Les démarches pour tenter de sauver l’enseignement de l’occitan n’ont pas empêché lo Congrès de mener en 2019 son travail de régulation, de production d’outils et de mise en œuvre de sa feuille de route du numérique. Le travail normatif s’est concrétisé par la création d'outils d’une grande utilité : clavier prédictif, correcteur orthographique, conjugueur en occitan de Provence. Le Basic – lexique français occitan orthographique de référence qui met en valeur tout ce qui est commun et de plus répandu dans l’ensemble occitan mais fait également ressortir les spécificités des principales variétés de la langue – est enfin achevé. Tous les occitans pourront se reconnaître dans le même dictionnaire, ce qui n’a guère été le cas depuis Piat et Mistral !

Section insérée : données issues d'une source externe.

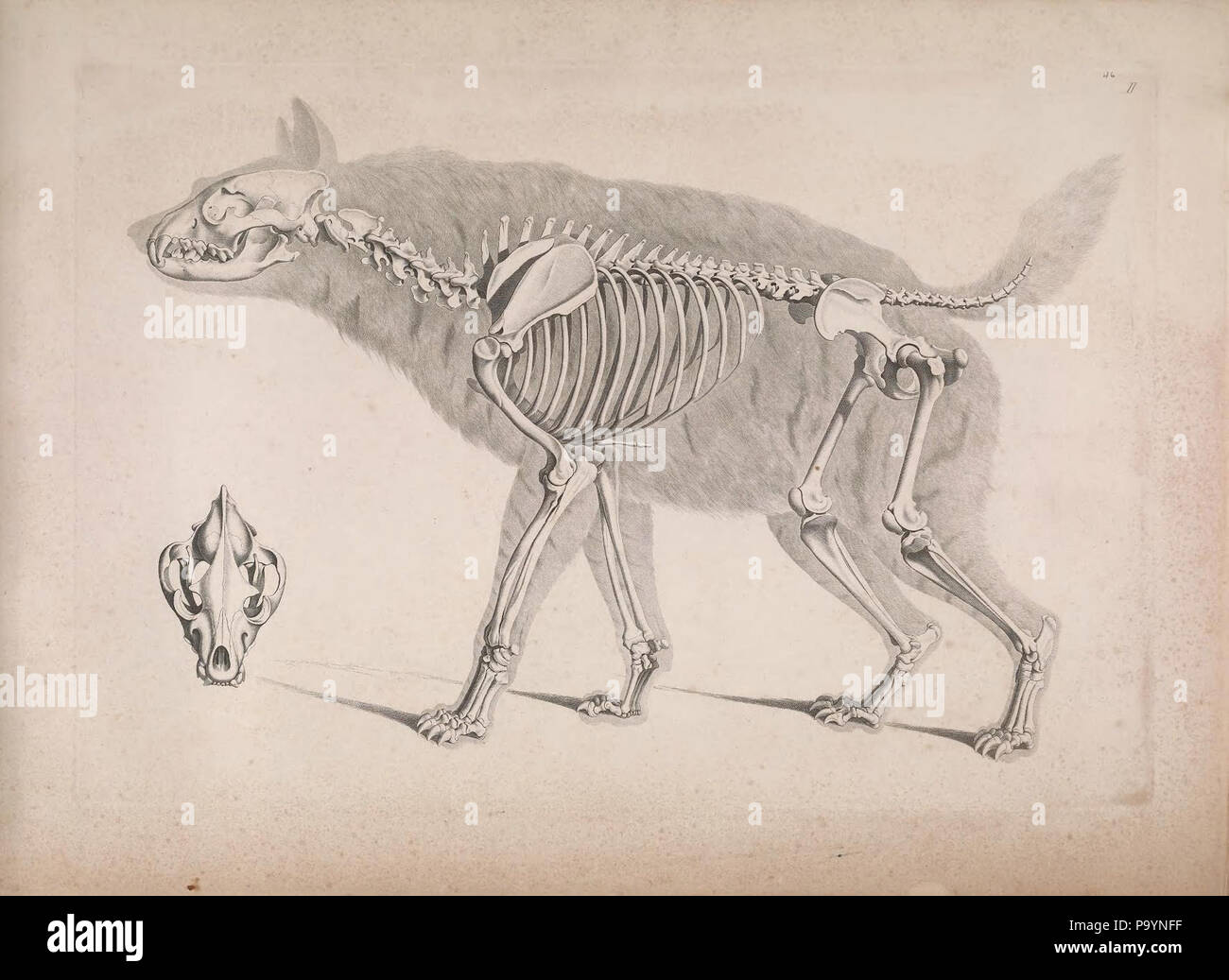 [Die vergleichende Osteologie / Bonn :In Commissione bei Eduard Weber,1821-1838. http://biodiversitylibrary.org/page/40170384 532 Die vergleichende Osteologie (1821) Hyaena hyaena Foto Stock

Lo Congrès a participé à des colloques (Parlers du Croissant à Montluçon, Colloques du Centenaire d’Euskaltzaindia) et a organisé avec la région et le CIRDOC deux journées à l’Hôtel de Région Occitanie à Toulouse sur « La langue et la culture occitanes au service du développement des territoires ». À cette occasion, une convention a été signée avec l’IGN qui va permettre les corrections des toponymes occitans. Lo Congrès a aussi un partenariat avec Wikimedia pour développer la présence orale de l'occitan en ligne.
De plus en plus d’usagers vont sur le site locongres.org (330 000 en 2018 et presque 400 000 en 2019 !), ce qui prouve l’utilité de notre travail.
Pour 2020 nous pouvons d’ores et déjà annoncer la synthèse vocale, un traducteur automatique, l’édition du Palay, le conjugueur de l’occitan limousin, etc.
Mais 2020 est l’année de tous les dangers pour l’occitan avec la menace sur l’enseignement mais aussi sur les possibilités des associations de promotion de l’occitan. Lo Congrès aussi, comme outil commun des acteurs et des utilisateurs de l’occitan, aura du mal à maintenir cette année son niveau d’activité.
La mobilisation unitaire de toutes et tous est indispensable et lo Congrès y contribuera.
Au delà de la simple bonne année, je vous souhaite donc une bonne, forte et productive mobilisation. Ce n’est que si nous la réussissons ensemble que l’année sera bonne.